L’an dernier, Novalis a publié le livre de Marie-Jo Thiel intitulé L’Église catholique face aux abus sexuels sur des mineurs. Il y a aussi l’ouvrage collectif Demain L’Église «qui prenait pleinement acte du scandale des abus sexuels».
«On a un ouvrage en chantier sur la question des abus sexuels et spirituels», un titre qui pourrait bien paraître cet automne. «Ma posture d’éditeur, c’est d’être responsable de ce qui a déjà été publié de Jean Vanier, puis d’accompagner l’Église et les croyants pour éviter que ces abus spritiuels se poursuivent», dit Jonathan Guilbault.
Une école d’Ontario
«À l’École secondaire catholique Jean Vanier, nous sommes fiers d’avoir mis notre communauté sous la protection de ce personnage exemplaire afin de donner à chacun le goût de se dépasser et d’aller vers les autres», indiquent les documents officiels de cette école.

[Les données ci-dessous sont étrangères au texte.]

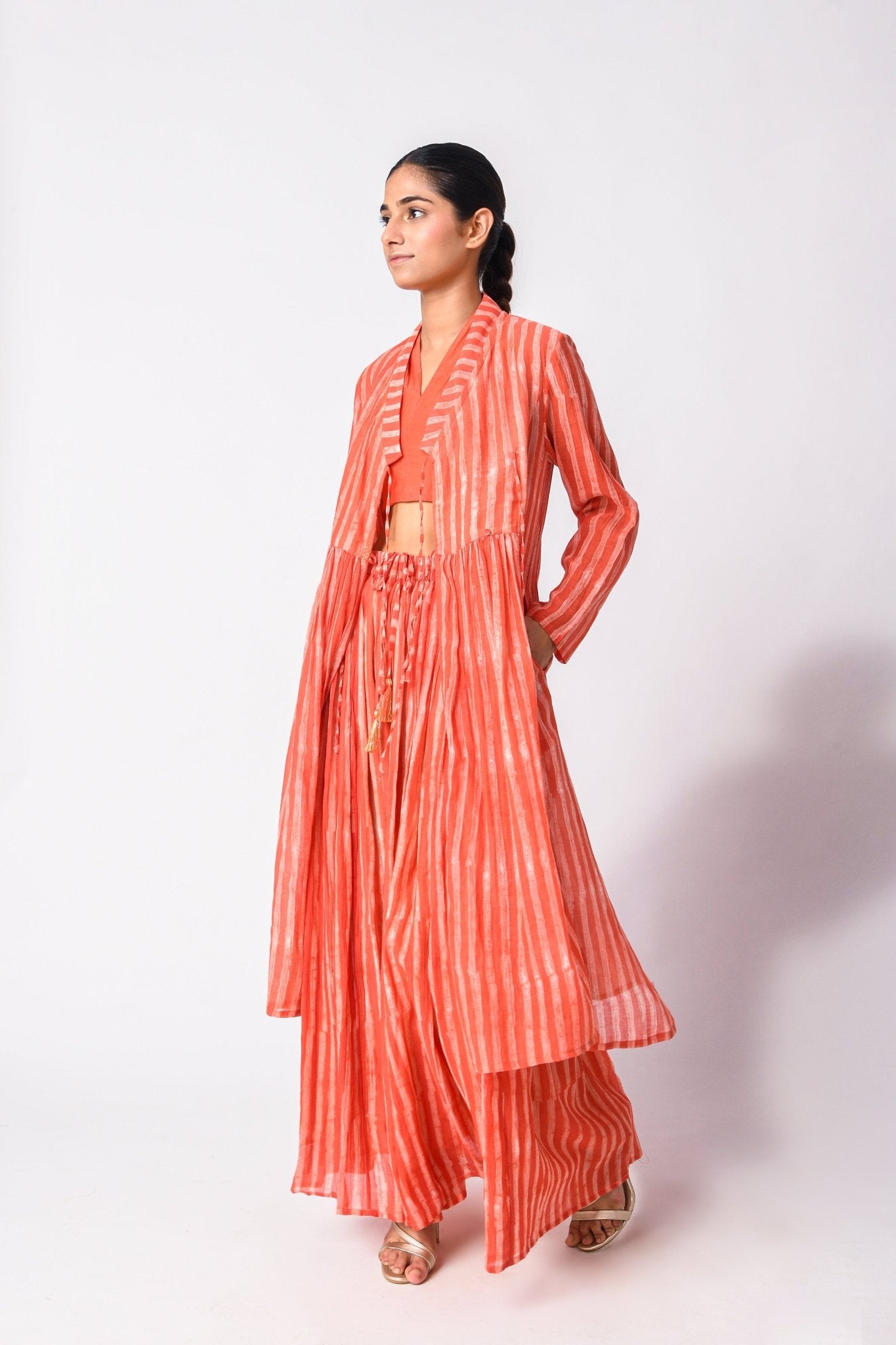 Wrap Tie Coral Co - Ord Set - CiceroniCo - ord SetJayati Goenka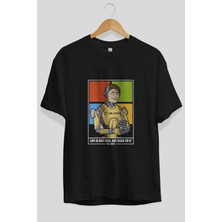 ankhises Bill Gates Robot Human Ön Baskılı Siyah Oversize T-Shirt  Erkek Kadın Bisiklet Yaka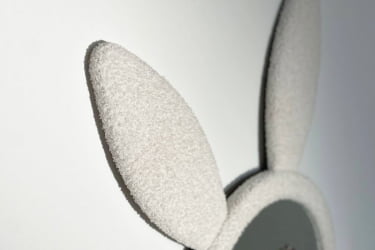 Детский стол со стульчиками Зайка МК-0019 белое дерево/белый (плюш) / MK-0019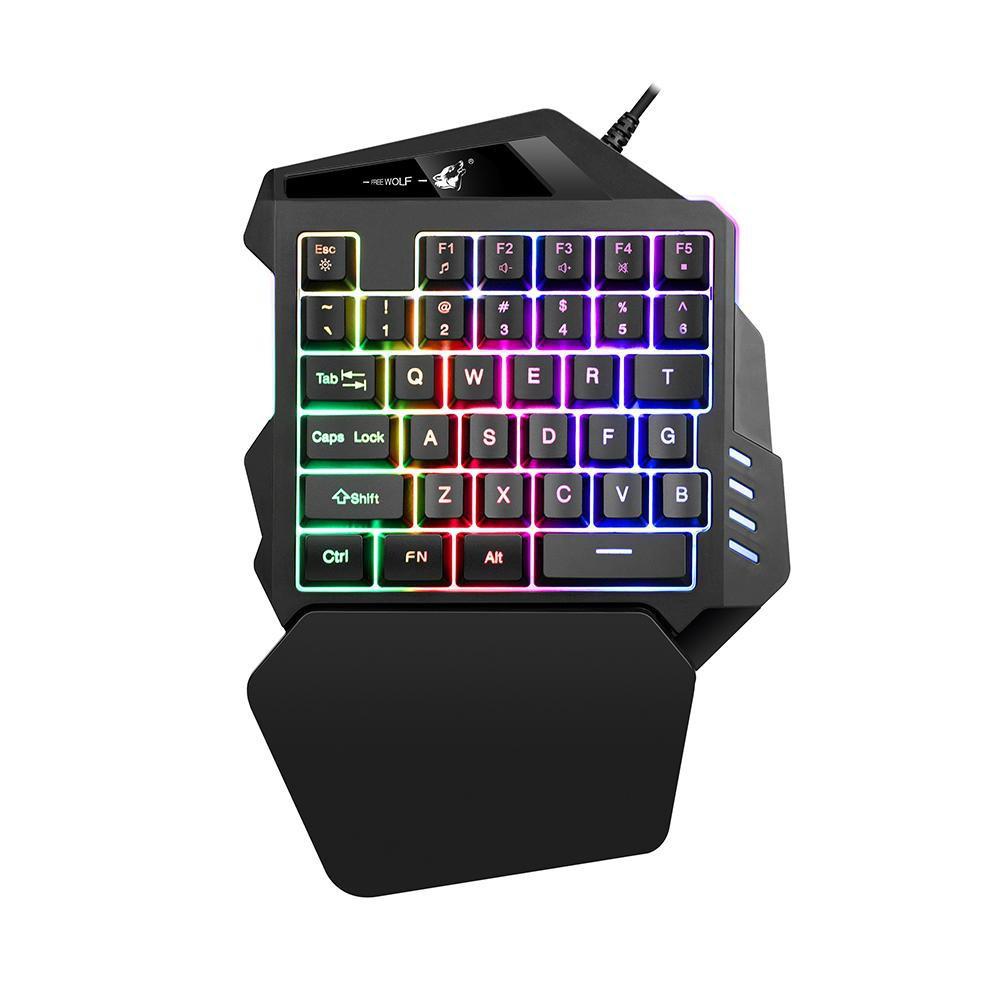 USB Wired Single Hand Gaming Keyboard Mix-color Backlit 35 Keys Keypad -dc3442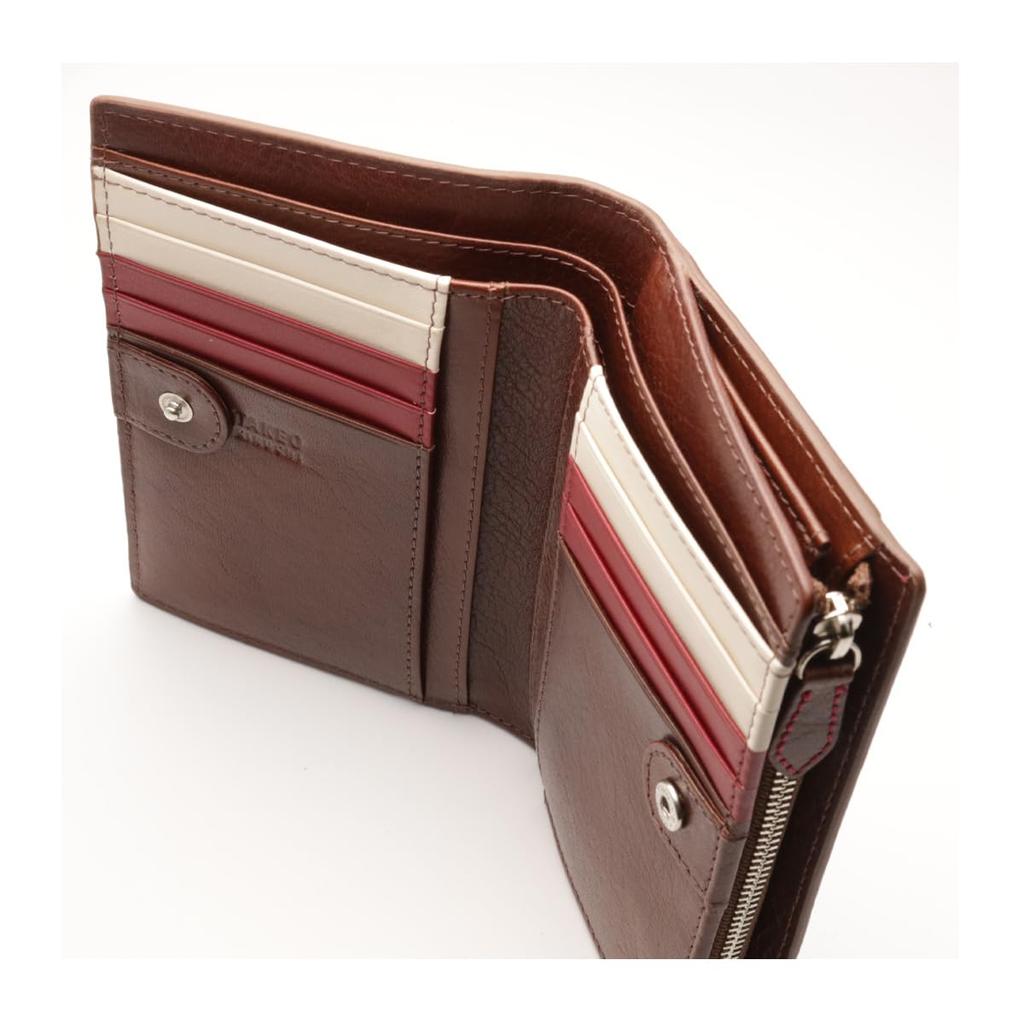 Middle Wallet Bifold Wallet Genuine Leather Our Limited Custom Model Tritoni Chocolate [Takeokikuchi] Men's TKW-00421 [12]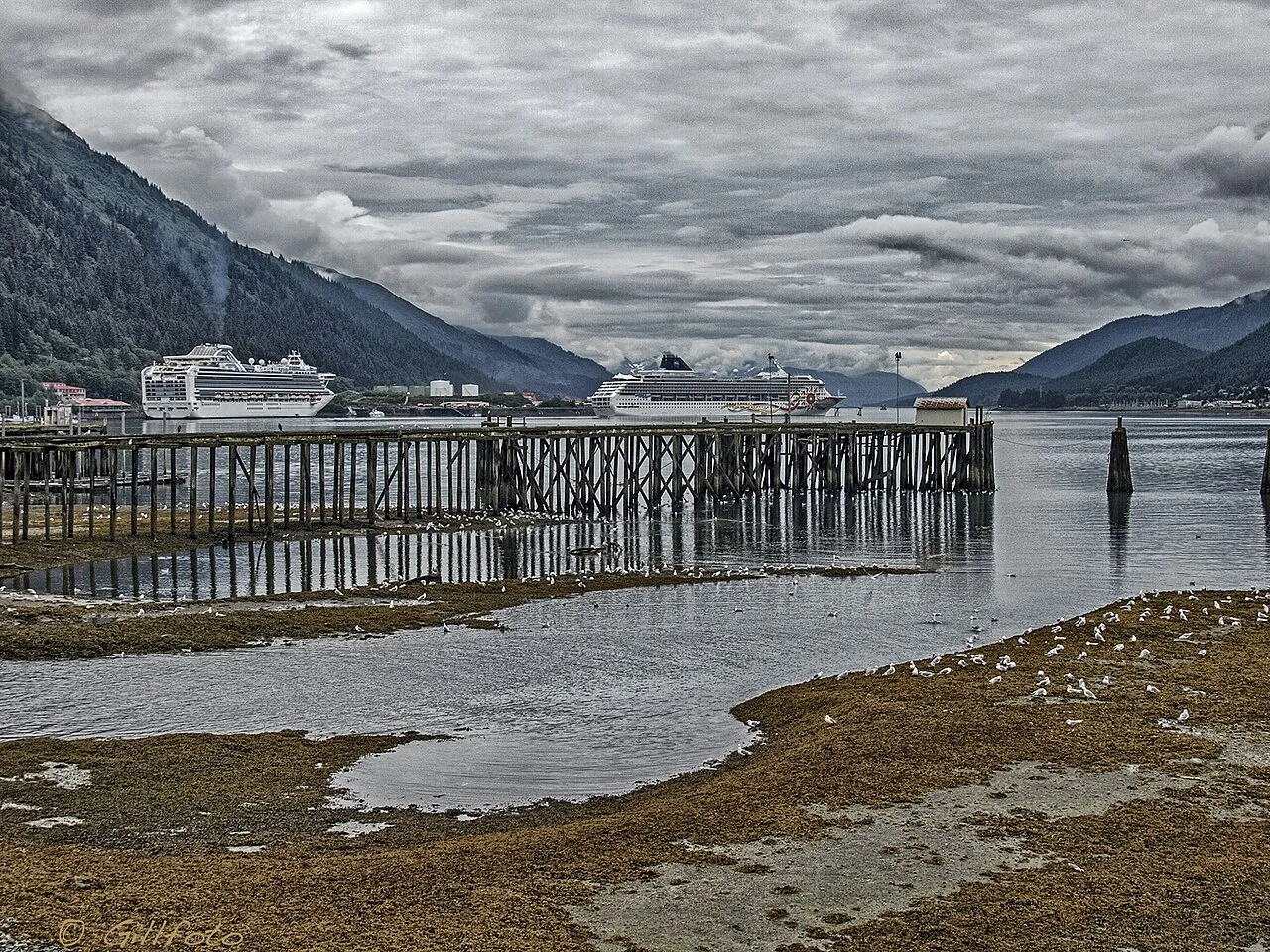 Coastal view of the Juneau Alaska mountains and waterfront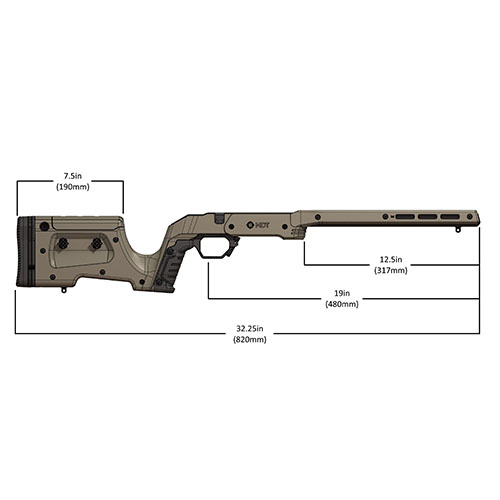 El MDT XRS es un sistema de chasis completo para Tikka T3 y T3x, ajustable y listo para usar, sin necesidad de piezas AR ni acoplamiento.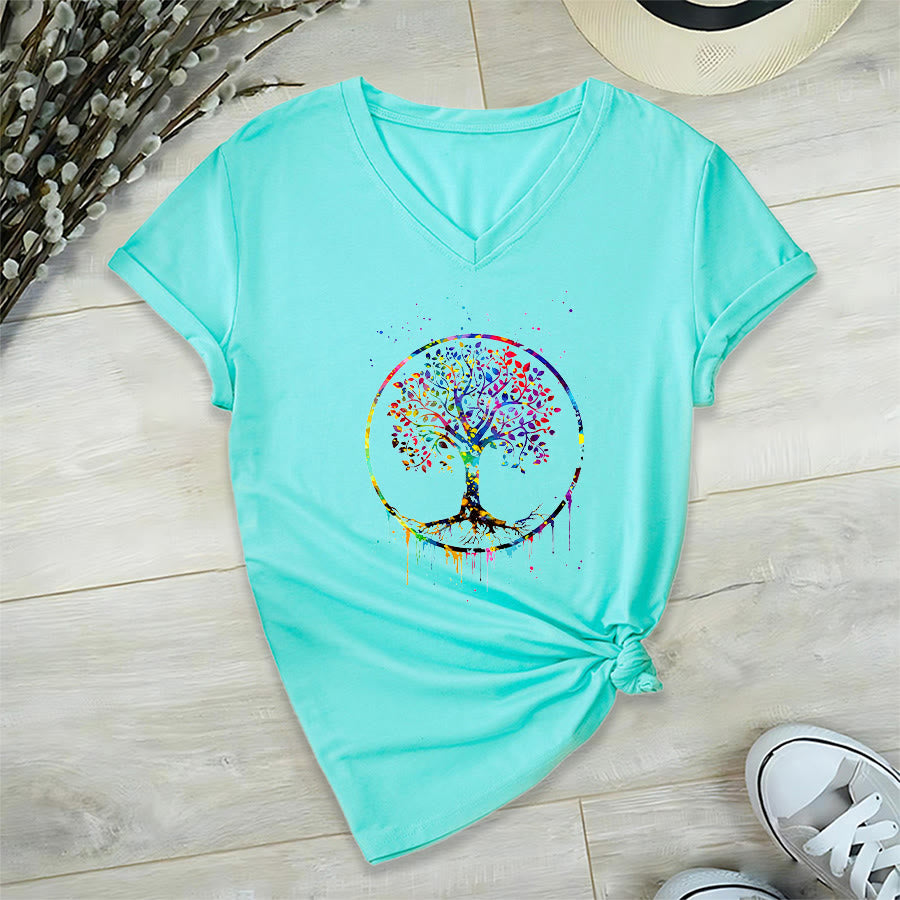 T-shirt Olivenorma con grafica circolare dell'Albero della Vita e scollo a V. - Lago Blu - 2XL - image 0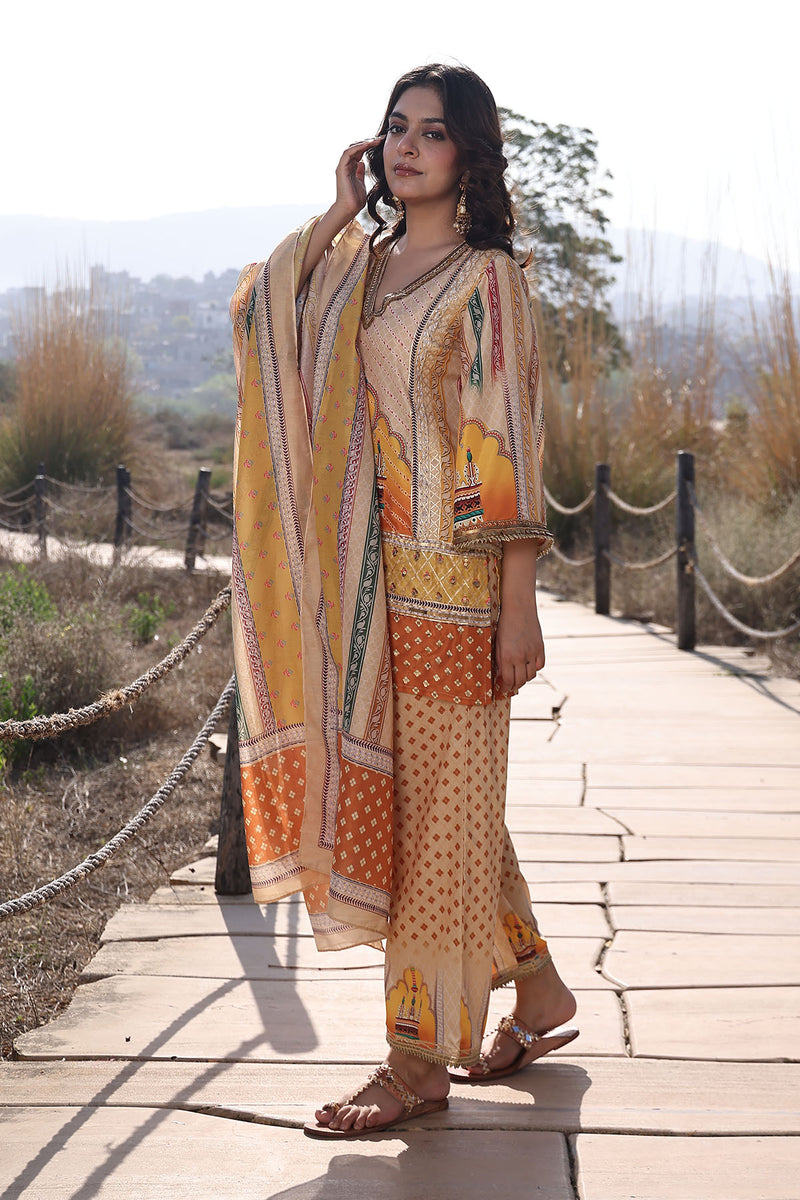 Misted Yellow Muslin Kurta Set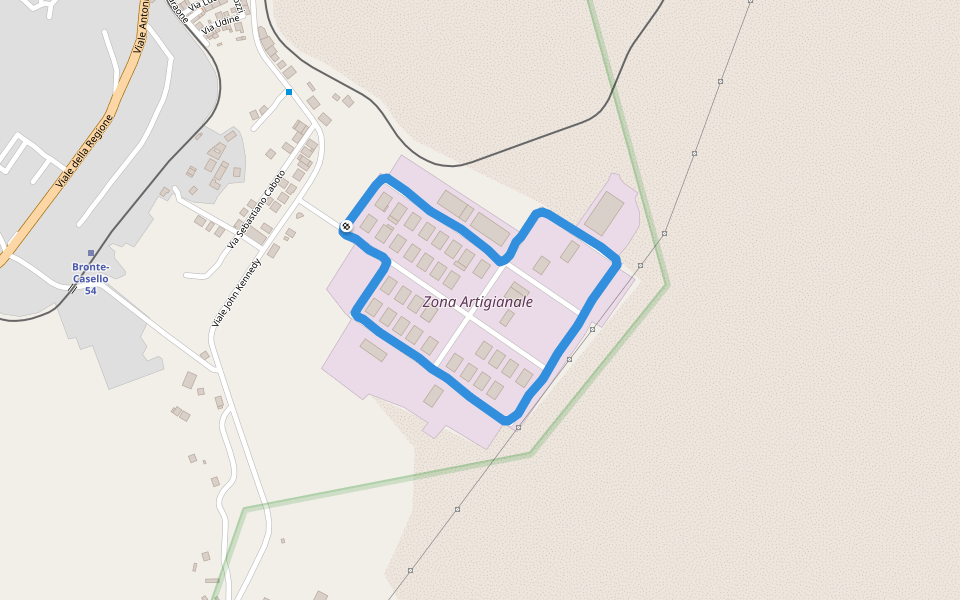 Zona Artigianale walking route map in Bronte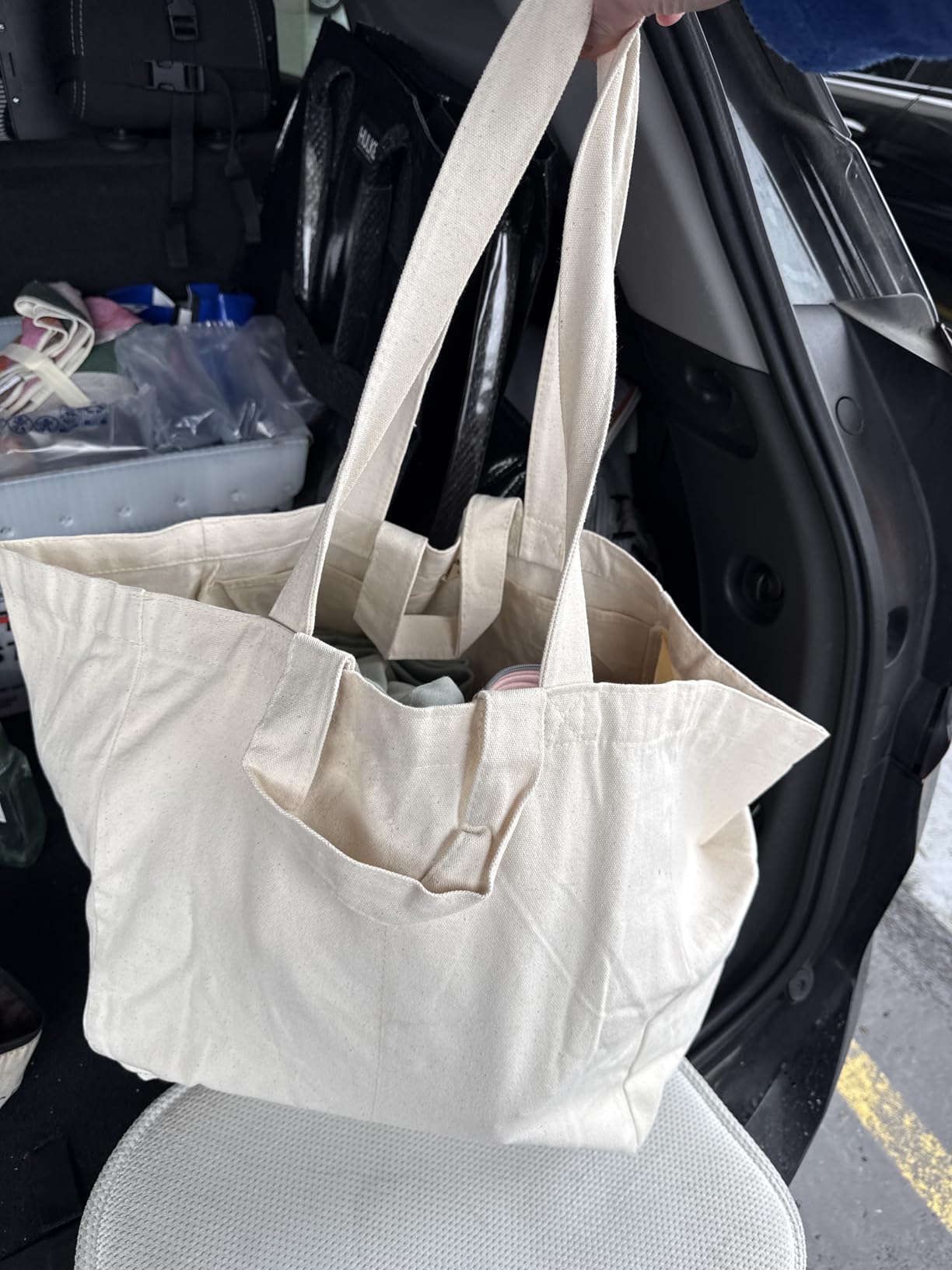 VeraMia Canvas Grocery Bag 3pc XL Set with Real Pockets, Long Shoulder Strap and Short Handle. Heavy Duty, Foldable, Washable customer photo 2
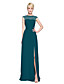 A-Line Bateau Neck Floor Length Chiffon / Lace Bodice Bridesmaid Dress ...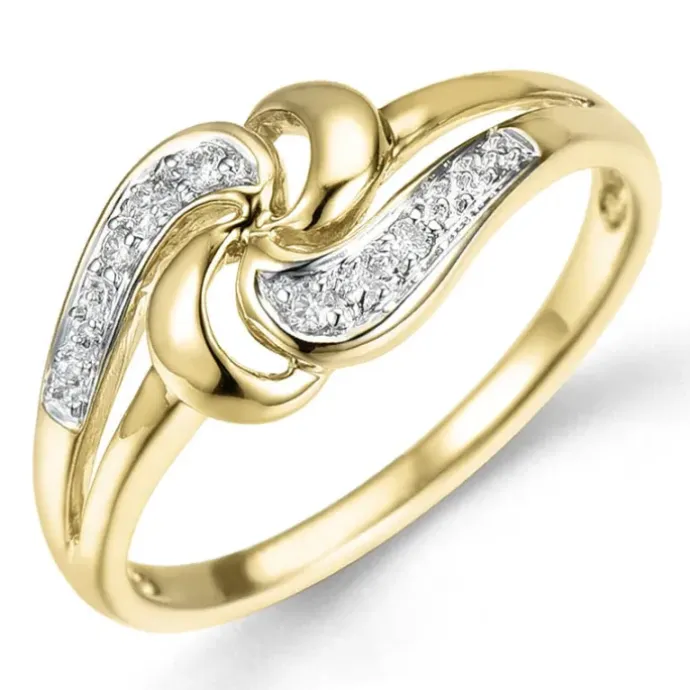 Abstrakt diamantring i 9 karat guld.- og hvidguld 0,03 ct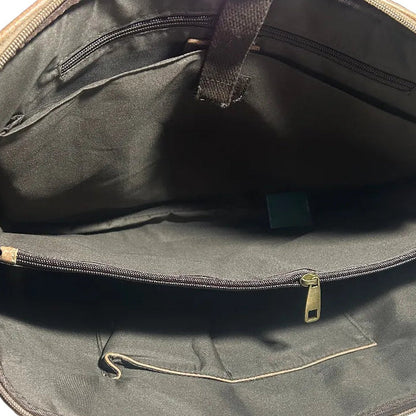 VIVACE LAPTOP BAG: KHAKI BROWN PU Leather Laptop Bag OPEN TOP VIEW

Située à Welland, en Ontario, cet établissement secondaire s’interroge aujourd’hui sur son appellation, indique le Conseil scolaire catholique MonAvenir qui a pris connaissance avec «désarroi et tristesse de l’enquête rendue publique par L’Arche internationale relativement à son fondateur, feu Jean Vanier».
«Toute la communauté scolaire sera ébranlée et confuse devant les faits rapportés publiquement.»
«L’administration du Conseil scolaire catholique MonAvenir se penche immédiatement sur la mise en place d’un plan d’appui pour accompagner les élèves de l’École secondaire catholique Jean Vanier, les membres du personnel et l’ensemble de sa communauté scolaire», ajoute son directeur de l’éducation André Blais.
«La question circule déjà pour savoir si l’école changera de nom. Il est trop tôt à ce point-ci pour dire si une telle décision sera prise. Plusieurs éléments devront être considérés et des échanges auront lieu avec l’école, le conseil d’école, le Conseil scolaire ainsi que d’autres partenaires en éducation catholique en Ontario», assure-t-il.
L’École secondaire catholique Jean Vanier accueille aujourd’hui près de 500 élèves allant de la 7e à la 12e année. Elle a été fondée en 1992.